Russian actor Yulia Peresild (37) and director Klim Shipenko (38) had blasted off for the International Space Station (ISS) in a Russian Soyuz spacecraft together with cosmonaut Oleg Novitskiy of Roscosmos, a veteran of three space missions. Their Soyuz MS-19 had lifted off as scheduled from the Russian space launch facility in Baikonur, Kazakhstan.

The Russian film crew spent 12 days at the ISS, shooting scenes for the first movie in orbit.

Following their return to Earth, they moved to the recovery staging city in Karaganda, Kazakhstan on a Russian helicopter, before boarding a Gagarin Cosmonaut Training Center aircraft to return to their training base in Star City, Russia.

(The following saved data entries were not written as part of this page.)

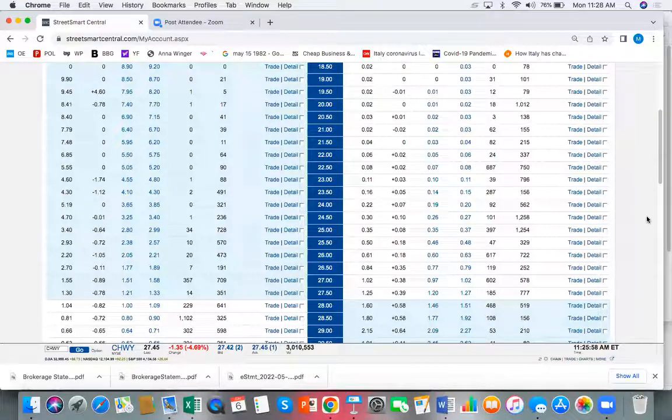If Chewy can maintain profitability next quarter — even at a nickel — combined with 10% or more growth for two quarters in a row, it could return to being a 10% growing, profitable, cash-positive online brand, and that's a $50 stock. But that's another earnings announcement away. Most of the downside has probably been taken out, assuming management continues what they did last quarter. I'd say there's a 65 to 75% chance they can, but we're not going to trade it here until another quarter of earnings.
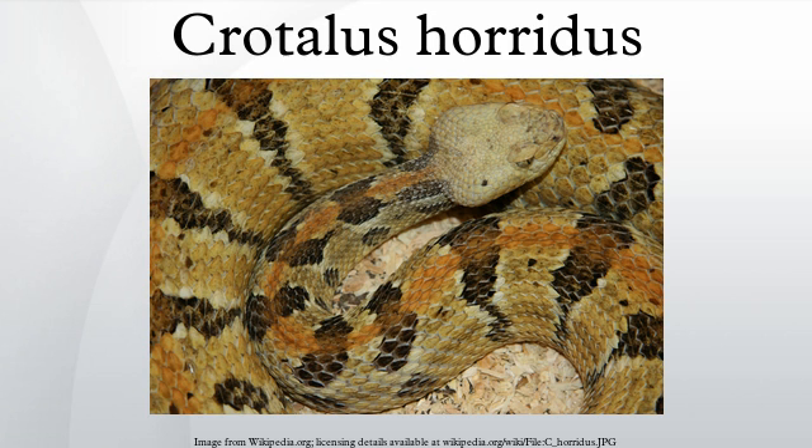This species is classified as least concern on the IUCN Red List. Species are listed as such due to their wide distribution, presumed large population, or because they are unlikely to be declining fast enough to qualify for listing in a more threatened category. The timber rattlesnake is listed as endangered in New Jersey, Vermont, Massachusetts, New Hampshire, Indiana, and Ohio, and it is threatened in New York, Connecticut, Illinois, Minnesota, and Texas.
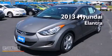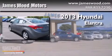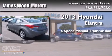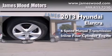This is a brand new 2013 Hyundai Elantra. This four-door sedan has a six-speed manual transmission and an inline four-cylinder engine.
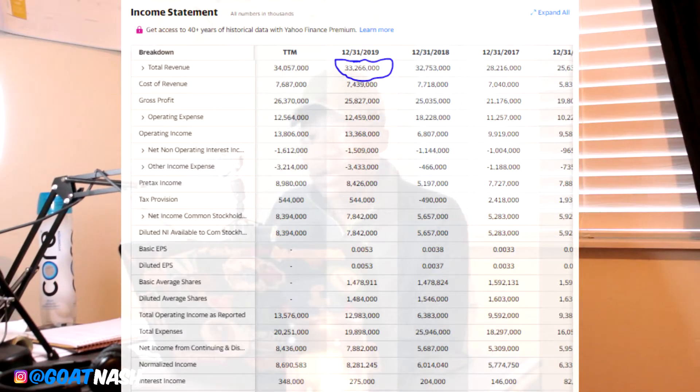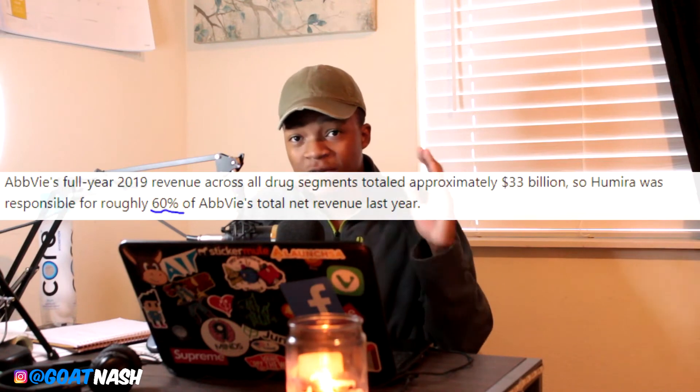Some of the things I didn't like about AbbVie: if you look at the chart, in 2019 the total revenue was at $33 billion, and the crazy thing is that about 60% of that revenue came from one single drug — Humira. That said, the most important thing is that they had a positive net income of about $7 billion, and the year before that they had a positive net income of $5 billion. You can see that net income is consistently growing, which is what we want to see when buying into a stock.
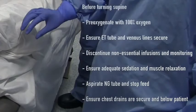We will now show how to roll the patient from prone back to supine — lying on their back. Ensure a minimum of five staff are available, with one person dedicated to the airway and ET tube. Pre-oxygenate with 100% oxygen, ensure ET tube and venous lines are secure, discontinue non-essential infusions and monitoring, ensure adequate sedation and muscle relaxation, and confirm any chest drains are secure and below the patient. Place a sheet over the patient's back, roll the sheet edges together, and this time move the patient horizontally away from the ventilator so they can be turned towards it.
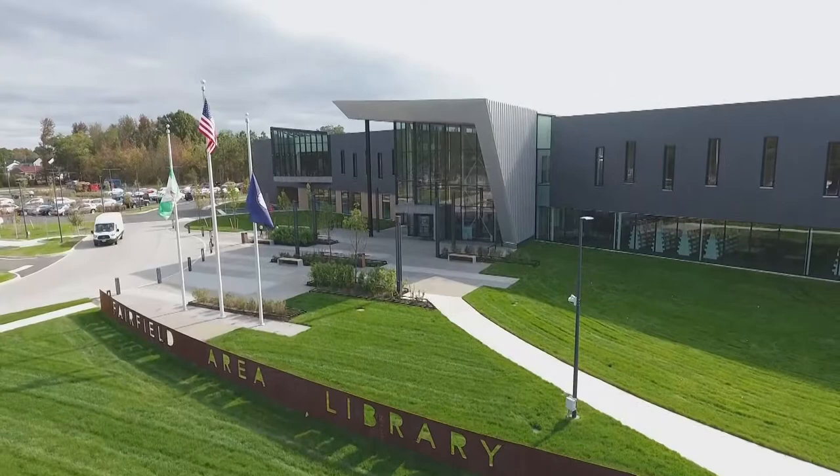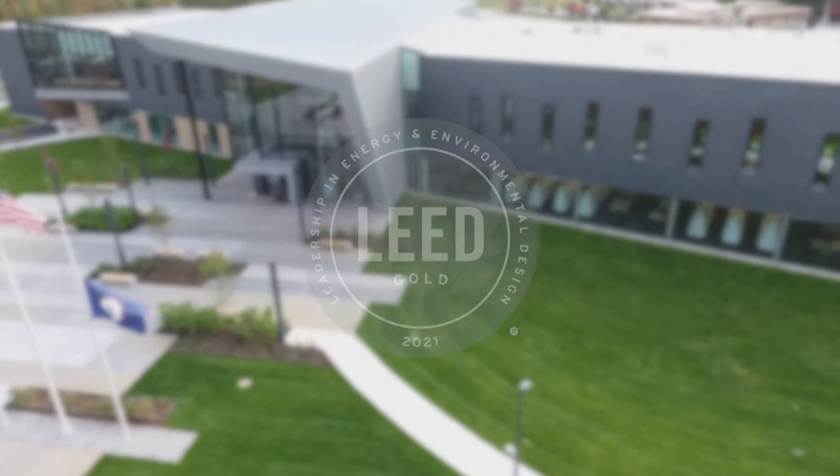We're at Fairfield Area Library, which is our newest library, and we are here because this has earned LEED Gold certification. LEED is a green building rating system — it stands for Leadership in Energy and Environmental Design, and it's a standard for designing and constructing buildings to be green or less impactful on the environment.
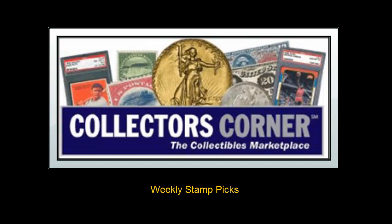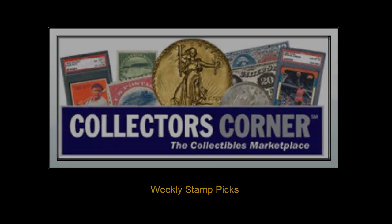Collectors Corner Stamp Picks for the week of January 23, 2012. As of today, there are over 5,600 stamps available for sale.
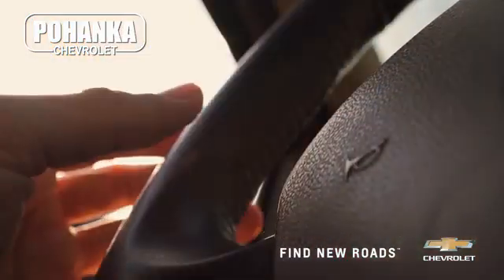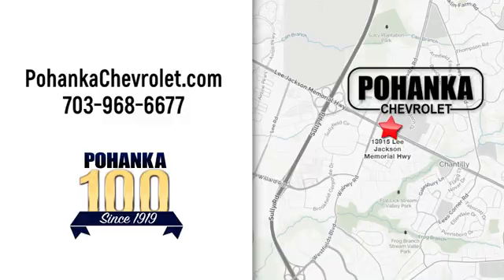Spend less time shopping and more time enjoying your new ride at Pohega Chevrolet. We're conveniently located at 13915 Lee Jackson Memorial Highway, Route 50 in Chantilly.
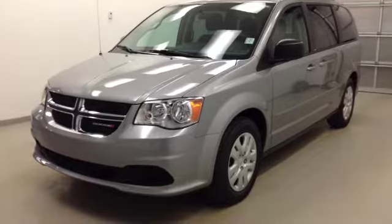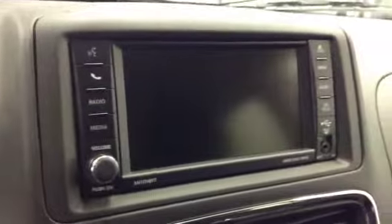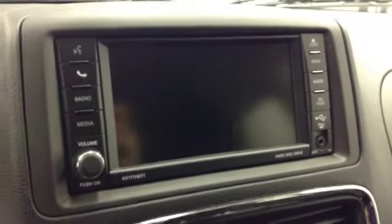Stock number A4209, 2014 Dodge Grand Caravan SE. Exterior color is billet silver. Features include power locks, power windows, and power mirrors, cruise control, touchscreen AM/FM radio with CD player, and USB capabilities.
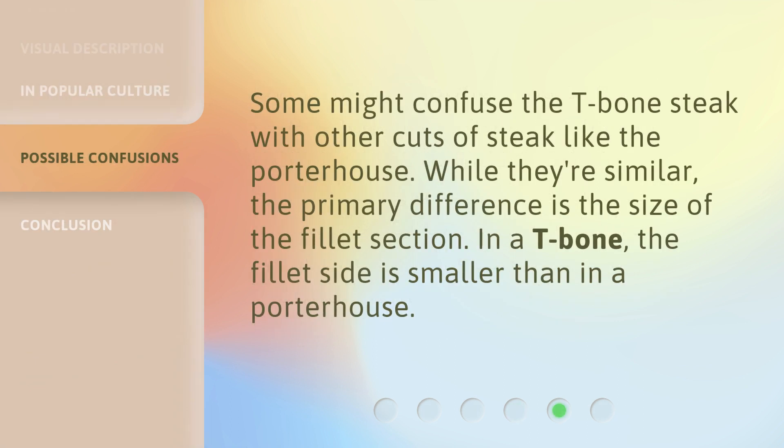Some might confuse the T-bone steak with other cuts of steak, like the porterhouse. While they're similar, the primary difference is the size of the fillet section. In a T-bone, the fillet side is smaller than in a porterhouse.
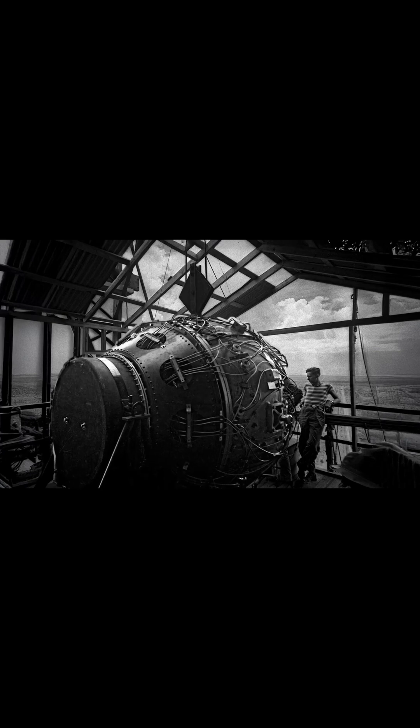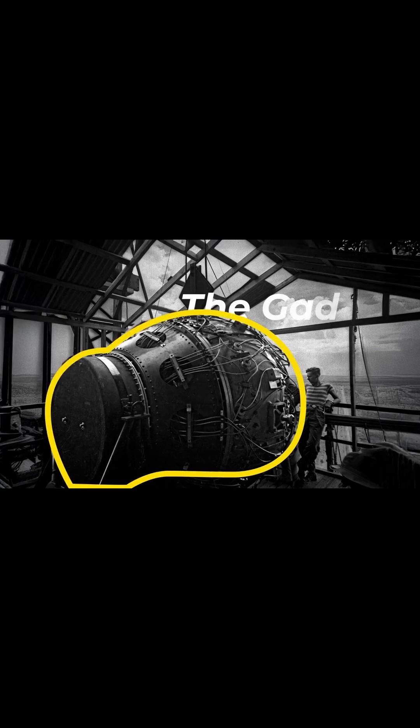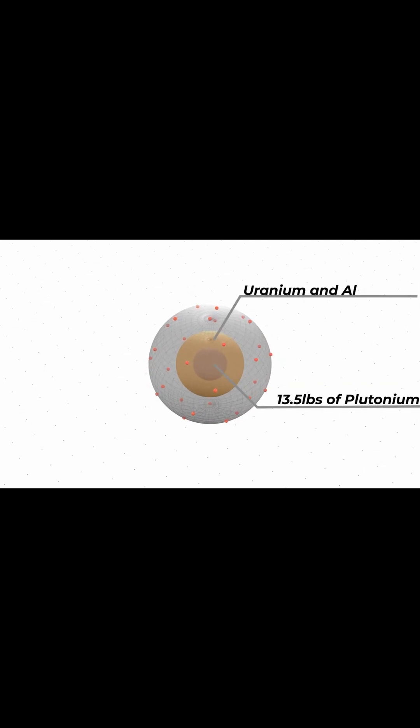Scientific instruments to measure blast, light, and radiation, and a base camp 10 miles from the tower. The test device, nicknamed the gadget, contained 13.5 pounds of plutonium at its core, a sphere of uranium and aluminum surrounding the core, 32 precisely shaped explosive lenses arranged in a sphere, and detonators timed to fire within one ten-thousandth of a second of each other.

The movie’s plot has been mostly kept under wraps along with its budget. However, it is said to centre around a female surgeon who is dispatched to the ISS to save a cosmonaut.

As the film crew docked at the ISS earlier this month, the cosmonaut had to switch to manual control. Their landing will be documented by a film crew and will also feature in the movie, Konstantin Ernst, the head of the Kremlin-friendly Channel One TV network and a co-producer of “The Challenge”, said.

The project in space went off well, with the crew feeling fine and all spacecraft systems having functioned normally.